# Implementing k-NN for Wikipedia Article Segmentation

##### This is based on assignment in the Machine Learning specialization by University of Washington on Coursera
In this notebook I have implemented two different types of distance measure (a) Euclidean distance (b) Cosine similarity. 

Further, I have implemented two different types of document representation (a) Word count (b) Term frequency-Inverse Document frequency. Both these methods have been implemented through brute force method.

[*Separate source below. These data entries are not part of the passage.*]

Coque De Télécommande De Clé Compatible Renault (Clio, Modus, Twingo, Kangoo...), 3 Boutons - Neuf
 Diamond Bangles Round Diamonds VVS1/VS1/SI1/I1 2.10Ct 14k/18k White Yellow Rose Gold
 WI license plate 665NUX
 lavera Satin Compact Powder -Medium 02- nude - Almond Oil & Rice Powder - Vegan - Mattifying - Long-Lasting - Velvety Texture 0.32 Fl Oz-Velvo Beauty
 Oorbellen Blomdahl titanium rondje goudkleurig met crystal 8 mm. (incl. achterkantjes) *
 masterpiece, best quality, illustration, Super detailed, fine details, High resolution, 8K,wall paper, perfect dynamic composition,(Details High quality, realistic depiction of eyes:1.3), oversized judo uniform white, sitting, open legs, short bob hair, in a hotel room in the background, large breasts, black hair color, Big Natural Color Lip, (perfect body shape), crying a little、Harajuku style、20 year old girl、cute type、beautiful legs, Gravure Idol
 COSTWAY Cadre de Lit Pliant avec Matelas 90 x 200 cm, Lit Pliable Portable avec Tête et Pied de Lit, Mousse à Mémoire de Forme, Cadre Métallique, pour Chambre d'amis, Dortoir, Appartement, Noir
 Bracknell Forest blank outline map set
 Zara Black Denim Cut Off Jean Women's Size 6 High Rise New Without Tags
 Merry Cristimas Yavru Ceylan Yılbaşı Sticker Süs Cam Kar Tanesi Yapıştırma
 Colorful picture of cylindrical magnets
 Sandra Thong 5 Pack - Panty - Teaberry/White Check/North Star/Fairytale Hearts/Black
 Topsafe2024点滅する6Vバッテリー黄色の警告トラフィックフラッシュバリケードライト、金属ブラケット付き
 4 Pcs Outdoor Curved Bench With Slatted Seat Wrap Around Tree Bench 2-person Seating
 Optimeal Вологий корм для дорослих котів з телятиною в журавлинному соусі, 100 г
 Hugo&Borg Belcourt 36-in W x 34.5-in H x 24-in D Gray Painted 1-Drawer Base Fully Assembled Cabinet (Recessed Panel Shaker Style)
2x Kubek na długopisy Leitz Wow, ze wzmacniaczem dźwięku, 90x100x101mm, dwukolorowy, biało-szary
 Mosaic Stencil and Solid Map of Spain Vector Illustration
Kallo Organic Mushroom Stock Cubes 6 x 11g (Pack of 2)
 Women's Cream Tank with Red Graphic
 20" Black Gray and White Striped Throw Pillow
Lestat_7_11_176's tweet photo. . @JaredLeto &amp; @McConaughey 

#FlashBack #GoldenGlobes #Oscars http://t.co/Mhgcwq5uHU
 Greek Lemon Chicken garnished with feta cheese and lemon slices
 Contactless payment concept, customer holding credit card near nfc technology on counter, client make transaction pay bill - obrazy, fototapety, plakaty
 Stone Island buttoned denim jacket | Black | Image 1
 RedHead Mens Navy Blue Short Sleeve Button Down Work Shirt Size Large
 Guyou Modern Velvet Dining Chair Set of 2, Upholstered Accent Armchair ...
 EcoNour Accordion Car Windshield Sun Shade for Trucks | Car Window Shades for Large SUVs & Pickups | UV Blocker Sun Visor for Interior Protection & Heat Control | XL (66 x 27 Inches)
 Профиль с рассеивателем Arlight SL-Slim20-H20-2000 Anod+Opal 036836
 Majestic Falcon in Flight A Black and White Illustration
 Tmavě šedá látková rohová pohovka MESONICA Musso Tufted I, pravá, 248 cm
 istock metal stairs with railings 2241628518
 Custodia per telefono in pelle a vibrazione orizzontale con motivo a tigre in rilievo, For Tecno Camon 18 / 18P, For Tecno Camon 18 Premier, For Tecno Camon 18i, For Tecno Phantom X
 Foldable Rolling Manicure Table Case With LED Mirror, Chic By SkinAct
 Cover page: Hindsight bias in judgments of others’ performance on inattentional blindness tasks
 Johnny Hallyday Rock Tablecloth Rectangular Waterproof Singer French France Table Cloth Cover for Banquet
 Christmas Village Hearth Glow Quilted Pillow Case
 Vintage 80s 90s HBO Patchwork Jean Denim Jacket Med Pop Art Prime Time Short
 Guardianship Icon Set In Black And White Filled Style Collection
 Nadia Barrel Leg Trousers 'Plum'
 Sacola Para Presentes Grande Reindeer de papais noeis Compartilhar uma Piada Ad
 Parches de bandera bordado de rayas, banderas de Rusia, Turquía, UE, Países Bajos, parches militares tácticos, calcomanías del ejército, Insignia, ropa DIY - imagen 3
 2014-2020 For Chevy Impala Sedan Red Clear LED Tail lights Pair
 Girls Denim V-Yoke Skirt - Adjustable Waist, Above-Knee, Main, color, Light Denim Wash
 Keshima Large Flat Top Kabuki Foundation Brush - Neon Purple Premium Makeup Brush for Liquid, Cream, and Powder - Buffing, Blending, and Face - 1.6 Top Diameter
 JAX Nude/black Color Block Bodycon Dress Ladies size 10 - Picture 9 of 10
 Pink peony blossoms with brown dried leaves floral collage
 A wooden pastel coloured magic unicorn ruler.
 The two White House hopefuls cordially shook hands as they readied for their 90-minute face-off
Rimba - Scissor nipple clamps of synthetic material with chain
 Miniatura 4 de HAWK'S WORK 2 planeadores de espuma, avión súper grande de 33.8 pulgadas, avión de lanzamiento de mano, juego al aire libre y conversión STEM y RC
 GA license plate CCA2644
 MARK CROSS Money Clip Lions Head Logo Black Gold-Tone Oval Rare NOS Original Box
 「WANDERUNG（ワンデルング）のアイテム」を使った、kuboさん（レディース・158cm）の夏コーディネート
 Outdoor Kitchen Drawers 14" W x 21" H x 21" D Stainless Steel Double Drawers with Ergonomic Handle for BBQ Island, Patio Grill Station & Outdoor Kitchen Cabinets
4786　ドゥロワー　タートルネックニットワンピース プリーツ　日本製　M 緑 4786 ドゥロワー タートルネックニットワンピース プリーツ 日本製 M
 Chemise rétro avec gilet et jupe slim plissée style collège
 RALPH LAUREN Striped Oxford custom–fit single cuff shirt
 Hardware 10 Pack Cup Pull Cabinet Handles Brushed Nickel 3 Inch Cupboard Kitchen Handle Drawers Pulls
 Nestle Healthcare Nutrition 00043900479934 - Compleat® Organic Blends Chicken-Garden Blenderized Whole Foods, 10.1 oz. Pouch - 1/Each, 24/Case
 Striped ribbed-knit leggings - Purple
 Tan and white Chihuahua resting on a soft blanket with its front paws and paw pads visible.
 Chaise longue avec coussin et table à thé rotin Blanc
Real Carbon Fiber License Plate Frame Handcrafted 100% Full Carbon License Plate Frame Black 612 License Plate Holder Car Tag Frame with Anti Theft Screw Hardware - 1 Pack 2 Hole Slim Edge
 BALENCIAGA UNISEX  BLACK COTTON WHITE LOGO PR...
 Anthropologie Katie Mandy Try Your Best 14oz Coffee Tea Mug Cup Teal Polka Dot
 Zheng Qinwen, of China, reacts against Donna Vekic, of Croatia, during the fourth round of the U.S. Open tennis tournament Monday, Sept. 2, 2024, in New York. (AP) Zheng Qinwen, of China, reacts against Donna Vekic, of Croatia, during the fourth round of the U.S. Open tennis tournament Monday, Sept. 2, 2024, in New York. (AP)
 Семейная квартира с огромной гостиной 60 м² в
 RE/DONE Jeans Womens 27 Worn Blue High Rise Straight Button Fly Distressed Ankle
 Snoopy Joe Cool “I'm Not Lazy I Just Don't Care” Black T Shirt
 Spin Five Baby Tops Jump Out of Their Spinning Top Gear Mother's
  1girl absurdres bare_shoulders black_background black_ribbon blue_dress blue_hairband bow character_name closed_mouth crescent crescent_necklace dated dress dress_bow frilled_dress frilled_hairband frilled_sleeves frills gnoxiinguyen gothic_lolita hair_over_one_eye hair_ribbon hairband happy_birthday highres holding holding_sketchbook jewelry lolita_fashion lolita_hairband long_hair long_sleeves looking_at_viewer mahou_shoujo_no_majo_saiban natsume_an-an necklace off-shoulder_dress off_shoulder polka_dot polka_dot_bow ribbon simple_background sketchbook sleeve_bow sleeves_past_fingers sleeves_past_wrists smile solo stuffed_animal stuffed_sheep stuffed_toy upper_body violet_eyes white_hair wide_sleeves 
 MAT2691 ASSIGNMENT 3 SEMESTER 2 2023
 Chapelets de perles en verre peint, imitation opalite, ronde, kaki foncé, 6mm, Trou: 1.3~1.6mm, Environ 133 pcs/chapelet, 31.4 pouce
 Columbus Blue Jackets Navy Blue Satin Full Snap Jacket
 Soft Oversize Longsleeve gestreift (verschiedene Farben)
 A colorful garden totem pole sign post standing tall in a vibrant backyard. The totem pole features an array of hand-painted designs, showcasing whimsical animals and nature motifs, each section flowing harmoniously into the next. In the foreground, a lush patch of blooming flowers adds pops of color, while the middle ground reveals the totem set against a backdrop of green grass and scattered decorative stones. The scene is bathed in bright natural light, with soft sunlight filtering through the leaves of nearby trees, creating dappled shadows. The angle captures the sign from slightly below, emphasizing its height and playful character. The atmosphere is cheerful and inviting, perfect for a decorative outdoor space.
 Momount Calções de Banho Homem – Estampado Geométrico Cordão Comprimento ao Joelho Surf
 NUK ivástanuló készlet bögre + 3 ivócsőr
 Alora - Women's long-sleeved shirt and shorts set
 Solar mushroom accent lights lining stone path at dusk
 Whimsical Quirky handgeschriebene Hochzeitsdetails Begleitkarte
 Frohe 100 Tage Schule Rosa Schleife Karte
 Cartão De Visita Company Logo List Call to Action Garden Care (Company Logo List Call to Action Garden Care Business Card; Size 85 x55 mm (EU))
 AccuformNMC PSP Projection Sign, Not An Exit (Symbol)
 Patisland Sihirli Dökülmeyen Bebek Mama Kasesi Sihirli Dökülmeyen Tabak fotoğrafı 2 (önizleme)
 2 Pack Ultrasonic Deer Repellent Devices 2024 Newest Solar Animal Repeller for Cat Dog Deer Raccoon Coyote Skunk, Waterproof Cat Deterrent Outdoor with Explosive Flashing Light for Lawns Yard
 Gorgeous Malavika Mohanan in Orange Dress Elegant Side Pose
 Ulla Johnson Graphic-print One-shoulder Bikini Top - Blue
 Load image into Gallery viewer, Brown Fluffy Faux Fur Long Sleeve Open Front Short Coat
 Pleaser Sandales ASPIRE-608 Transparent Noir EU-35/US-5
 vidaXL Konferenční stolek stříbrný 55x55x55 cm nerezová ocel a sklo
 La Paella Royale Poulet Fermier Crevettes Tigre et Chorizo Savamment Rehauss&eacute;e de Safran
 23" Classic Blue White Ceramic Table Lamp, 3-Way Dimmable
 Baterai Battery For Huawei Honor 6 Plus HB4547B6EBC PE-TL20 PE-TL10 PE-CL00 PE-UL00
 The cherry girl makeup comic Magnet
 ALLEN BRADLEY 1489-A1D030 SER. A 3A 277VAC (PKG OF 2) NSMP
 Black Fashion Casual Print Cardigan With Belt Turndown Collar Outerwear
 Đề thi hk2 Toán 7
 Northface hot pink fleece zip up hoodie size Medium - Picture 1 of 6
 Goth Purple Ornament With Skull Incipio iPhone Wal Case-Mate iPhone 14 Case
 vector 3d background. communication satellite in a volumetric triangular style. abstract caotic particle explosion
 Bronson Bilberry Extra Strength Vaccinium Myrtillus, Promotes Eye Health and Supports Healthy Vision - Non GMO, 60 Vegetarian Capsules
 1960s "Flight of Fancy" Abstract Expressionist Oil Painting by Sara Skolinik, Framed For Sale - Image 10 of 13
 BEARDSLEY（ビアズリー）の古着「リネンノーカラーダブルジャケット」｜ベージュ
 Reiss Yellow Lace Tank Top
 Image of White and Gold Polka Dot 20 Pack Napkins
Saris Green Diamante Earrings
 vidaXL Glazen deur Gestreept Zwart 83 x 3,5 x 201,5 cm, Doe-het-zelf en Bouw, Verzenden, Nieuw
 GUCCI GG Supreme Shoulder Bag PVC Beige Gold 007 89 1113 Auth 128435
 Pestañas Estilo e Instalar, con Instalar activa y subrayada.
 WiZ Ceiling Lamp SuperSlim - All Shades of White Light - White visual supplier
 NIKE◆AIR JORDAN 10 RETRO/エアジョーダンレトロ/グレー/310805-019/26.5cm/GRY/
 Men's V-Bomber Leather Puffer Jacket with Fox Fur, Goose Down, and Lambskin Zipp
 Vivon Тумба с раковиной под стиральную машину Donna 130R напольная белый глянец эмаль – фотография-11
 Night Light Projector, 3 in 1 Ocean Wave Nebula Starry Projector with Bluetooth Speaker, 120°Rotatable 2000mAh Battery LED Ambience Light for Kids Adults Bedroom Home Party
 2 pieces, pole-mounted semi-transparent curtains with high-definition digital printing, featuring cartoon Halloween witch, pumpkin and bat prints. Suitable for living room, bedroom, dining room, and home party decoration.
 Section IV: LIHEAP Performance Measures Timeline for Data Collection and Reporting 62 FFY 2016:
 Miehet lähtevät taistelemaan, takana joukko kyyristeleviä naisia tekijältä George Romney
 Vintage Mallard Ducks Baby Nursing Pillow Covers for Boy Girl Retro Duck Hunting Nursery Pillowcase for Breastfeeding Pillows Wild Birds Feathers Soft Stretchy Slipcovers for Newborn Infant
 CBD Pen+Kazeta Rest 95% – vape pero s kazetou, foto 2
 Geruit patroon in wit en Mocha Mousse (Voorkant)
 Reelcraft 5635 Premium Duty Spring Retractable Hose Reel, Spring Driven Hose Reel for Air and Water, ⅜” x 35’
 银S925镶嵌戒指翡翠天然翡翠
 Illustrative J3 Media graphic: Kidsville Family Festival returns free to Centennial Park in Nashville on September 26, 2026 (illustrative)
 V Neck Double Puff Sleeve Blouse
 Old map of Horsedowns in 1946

In another notebook elsewhere I have implemented KD-Tree for search space segmentation.  

The documents are provided as text in the python data frame. 

In [98]:
import numpy as ny 
import pandas as pd
import math 
import operator

In [99]:
people_wiki = pd.read_csv("people_wiki.csv")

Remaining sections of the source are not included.